Decreed By Fate (千金难逃), is a 2022 Chinese comedy romance costume series, starring Li Jiu Lin, Chen Fang Tong, and Wu Cheng Xu. The full series was released on 31 March 2022 on IQIYI and is also available on iQiyi app and iQ.com.

== Synopsis ==
Ye Rong Er, the "female Zhang Fei" of Lianwang County, who no one dared to bother, married Yin Sishen, the marquis of Jing'an, who she has never met before. In order to solve her divorce lawsuit, Ye Rong Er decided to become a first-class matchmaker, thus setting up Boqing Inn, to break up marriages and solve cases every day.
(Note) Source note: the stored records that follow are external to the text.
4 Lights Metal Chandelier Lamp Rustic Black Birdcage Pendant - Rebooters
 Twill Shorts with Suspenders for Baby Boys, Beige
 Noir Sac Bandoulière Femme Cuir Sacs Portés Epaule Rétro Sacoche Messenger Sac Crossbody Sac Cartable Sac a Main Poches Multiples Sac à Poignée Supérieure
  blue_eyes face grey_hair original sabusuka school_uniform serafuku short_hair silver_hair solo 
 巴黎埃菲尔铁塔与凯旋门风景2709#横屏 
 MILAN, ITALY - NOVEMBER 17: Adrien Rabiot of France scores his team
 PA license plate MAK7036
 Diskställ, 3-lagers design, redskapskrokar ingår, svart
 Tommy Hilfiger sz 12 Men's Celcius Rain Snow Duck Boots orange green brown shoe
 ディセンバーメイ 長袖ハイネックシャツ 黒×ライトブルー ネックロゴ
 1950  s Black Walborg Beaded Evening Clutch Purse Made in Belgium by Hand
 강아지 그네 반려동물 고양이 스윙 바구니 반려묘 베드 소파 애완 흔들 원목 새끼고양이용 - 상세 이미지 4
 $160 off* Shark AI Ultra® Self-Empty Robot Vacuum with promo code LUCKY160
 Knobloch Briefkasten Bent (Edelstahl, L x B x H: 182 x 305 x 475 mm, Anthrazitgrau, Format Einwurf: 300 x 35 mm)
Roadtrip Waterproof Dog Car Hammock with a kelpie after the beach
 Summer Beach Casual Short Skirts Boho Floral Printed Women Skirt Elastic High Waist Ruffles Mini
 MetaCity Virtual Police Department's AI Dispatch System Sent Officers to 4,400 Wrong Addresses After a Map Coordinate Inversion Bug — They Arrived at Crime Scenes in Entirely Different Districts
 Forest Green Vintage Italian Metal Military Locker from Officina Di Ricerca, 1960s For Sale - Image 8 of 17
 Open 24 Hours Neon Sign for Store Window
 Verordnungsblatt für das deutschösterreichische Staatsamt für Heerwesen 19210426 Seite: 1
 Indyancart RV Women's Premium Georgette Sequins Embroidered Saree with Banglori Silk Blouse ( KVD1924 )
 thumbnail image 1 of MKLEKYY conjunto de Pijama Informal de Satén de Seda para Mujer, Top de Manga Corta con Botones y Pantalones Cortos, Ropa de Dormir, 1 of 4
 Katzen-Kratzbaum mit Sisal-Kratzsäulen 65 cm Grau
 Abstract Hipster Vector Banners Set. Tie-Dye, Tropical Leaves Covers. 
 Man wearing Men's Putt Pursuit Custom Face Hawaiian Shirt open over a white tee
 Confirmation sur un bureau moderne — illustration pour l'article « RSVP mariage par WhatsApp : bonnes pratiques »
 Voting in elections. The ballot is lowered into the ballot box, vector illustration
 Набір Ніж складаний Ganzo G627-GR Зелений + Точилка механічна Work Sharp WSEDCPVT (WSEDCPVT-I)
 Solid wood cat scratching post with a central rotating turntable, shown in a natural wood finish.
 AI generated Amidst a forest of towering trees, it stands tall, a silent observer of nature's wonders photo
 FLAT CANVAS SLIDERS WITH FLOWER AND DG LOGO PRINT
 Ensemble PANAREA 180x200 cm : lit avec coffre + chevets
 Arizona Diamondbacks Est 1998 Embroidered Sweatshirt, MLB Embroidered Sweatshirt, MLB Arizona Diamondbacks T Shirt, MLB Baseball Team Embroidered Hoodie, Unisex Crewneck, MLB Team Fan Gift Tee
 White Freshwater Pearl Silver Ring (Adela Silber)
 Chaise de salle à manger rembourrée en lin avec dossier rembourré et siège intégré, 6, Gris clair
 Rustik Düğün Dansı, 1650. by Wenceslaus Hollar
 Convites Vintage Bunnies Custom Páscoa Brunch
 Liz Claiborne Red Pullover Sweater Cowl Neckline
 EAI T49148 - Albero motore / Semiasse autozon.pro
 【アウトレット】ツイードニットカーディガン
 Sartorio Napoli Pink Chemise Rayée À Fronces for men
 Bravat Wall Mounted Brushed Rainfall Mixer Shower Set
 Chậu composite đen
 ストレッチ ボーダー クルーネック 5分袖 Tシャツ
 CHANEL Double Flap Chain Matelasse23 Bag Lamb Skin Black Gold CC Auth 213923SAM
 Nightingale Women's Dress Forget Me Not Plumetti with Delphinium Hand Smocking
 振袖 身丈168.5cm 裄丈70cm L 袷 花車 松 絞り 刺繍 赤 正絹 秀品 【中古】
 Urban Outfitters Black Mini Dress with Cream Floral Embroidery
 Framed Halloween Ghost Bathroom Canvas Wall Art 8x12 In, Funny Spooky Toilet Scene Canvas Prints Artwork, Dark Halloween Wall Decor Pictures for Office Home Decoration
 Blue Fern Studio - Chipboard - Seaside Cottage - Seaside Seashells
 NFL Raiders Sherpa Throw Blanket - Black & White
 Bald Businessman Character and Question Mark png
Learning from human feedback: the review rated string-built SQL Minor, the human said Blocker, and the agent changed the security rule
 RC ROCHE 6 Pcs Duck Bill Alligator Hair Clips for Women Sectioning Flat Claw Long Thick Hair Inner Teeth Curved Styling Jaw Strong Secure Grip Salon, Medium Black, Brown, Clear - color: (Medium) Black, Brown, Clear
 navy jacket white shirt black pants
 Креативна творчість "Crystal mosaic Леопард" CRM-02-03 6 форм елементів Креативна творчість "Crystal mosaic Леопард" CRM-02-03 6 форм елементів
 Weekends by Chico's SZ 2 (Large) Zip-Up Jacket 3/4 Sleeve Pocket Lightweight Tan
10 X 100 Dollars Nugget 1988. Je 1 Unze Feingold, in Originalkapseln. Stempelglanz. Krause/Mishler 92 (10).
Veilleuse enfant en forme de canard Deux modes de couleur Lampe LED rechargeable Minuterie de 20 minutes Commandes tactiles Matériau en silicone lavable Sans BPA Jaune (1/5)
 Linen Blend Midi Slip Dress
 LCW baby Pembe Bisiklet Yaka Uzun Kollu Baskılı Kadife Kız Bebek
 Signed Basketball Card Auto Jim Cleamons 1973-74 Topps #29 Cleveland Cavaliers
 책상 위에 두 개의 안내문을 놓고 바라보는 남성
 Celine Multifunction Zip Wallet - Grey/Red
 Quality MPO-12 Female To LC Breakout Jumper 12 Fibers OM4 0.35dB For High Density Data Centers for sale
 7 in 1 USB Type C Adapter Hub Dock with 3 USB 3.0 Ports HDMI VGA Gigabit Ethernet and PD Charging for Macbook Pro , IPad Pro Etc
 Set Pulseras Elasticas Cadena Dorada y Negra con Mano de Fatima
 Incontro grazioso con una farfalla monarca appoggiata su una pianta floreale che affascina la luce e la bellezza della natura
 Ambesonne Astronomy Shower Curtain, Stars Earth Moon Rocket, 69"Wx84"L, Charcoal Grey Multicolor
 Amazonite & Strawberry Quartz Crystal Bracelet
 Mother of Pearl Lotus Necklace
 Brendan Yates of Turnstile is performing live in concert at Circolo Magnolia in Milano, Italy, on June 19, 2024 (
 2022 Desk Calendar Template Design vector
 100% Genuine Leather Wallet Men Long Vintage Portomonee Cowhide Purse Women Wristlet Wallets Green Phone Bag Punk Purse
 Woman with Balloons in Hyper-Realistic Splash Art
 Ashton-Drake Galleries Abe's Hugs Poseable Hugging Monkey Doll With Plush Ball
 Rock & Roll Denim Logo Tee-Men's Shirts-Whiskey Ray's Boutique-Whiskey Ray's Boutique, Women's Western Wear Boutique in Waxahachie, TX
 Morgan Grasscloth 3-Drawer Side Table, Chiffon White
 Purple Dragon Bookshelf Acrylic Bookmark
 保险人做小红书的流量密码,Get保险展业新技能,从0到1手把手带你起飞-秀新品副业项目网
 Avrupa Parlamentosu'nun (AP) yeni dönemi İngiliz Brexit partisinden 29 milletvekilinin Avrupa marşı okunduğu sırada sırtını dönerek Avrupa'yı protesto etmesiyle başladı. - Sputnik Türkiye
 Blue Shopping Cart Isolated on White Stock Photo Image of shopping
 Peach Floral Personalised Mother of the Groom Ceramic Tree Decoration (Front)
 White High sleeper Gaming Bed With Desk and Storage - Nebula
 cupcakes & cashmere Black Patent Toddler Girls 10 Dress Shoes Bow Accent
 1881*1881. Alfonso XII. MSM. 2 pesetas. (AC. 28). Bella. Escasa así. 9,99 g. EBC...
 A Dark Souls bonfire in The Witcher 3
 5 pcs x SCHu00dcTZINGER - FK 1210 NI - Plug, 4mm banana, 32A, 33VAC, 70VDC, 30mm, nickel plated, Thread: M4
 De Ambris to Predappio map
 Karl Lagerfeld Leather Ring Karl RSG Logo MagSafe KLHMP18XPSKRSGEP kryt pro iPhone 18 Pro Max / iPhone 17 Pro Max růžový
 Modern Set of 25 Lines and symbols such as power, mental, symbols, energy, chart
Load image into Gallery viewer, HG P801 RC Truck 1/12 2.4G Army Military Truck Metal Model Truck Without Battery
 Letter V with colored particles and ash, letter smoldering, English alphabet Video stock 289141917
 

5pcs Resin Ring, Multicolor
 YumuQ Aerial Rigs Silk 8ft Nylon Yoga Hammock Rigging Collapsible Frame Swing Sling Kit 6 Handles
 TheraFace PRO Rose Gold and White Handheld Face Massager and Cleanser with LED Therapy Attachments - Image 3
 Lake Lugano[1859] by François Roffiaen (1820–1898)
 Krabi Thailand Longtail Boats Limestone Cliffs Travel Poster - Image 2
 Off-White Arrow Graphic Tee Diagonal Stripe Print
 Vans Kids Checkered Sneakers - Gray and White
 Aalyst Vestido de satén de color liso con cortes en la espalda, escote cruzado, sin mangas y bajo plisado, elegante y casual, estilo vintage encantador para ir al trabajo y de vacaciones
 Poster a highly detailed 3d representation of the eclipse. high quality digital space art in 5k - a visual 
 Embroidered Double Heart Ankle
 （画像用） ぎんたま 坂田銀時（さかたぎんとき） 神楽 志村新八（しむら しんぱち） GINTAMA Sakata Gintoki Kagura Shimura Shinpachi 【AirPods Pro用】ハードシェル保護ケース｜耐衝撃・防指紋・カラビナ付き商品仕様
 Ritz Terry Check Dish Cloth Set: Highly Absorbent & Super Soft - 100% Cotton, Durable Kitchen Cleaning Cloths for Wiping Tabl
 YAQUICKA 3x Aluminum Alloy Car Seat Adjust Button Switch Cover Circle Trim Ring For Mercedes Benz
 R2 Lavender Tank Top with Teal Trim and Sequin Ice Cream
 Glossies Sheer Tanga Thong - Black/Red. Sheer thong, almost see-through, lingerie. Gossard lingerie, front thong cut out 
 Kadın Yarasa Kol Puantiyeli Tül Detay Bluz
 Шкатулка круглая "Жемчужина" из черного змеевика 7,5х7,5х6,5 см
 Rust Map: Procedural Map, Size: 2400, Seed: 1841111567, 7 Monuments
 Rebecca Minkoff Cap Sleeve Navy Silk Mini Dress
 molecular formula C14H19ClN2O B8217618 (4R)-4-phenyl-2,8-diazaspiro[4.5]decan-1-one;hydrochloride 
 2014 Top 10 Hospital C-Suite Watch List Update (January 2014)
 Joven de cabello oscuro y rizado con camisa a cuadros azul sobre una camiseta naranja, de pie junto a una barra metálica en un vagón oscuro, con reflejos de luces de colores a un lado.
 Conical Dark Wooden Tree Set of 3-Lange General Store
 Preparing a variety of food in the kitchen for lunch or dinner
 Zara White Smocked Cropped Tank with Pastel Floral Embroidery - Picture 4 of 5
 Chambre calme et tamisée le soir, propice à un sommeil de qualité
At the same time, Ye Rong Er discovered that the two first-level matchmaker who joined Boqing Inn approached her with ulterior motives. What surprised her even more was that her "husband" Yin Sishen, who had escaped the marriage, seemed to be hiding between the two.

== Cast ==
=== Main ===

- Li Jiu Lin as Lu Ting Xiao/Yin Sishen
- Chen Fang Tong as Ye Rong Er/ "Zhang Fei"
- Wu Cheng Xu as Fang Xian Xun

=== Supporting ===

- Salmon Xu as Wang Yi Zhi
- Xu Ning as Zheng Lin
- Chen Yu Feng as Liu Zhan
- Wu Hao as Zhang Jiu
- Wang Hong Qian as Yue Li Weng
- Jiang Rui Ze as Qin Yi Yi
- Hu Dong Qing as Lu Ru Yi
- Tian Feng as Hong Yuan Shan

== Production ==
The series began filming on 27 May 2021 in Hengdian, China.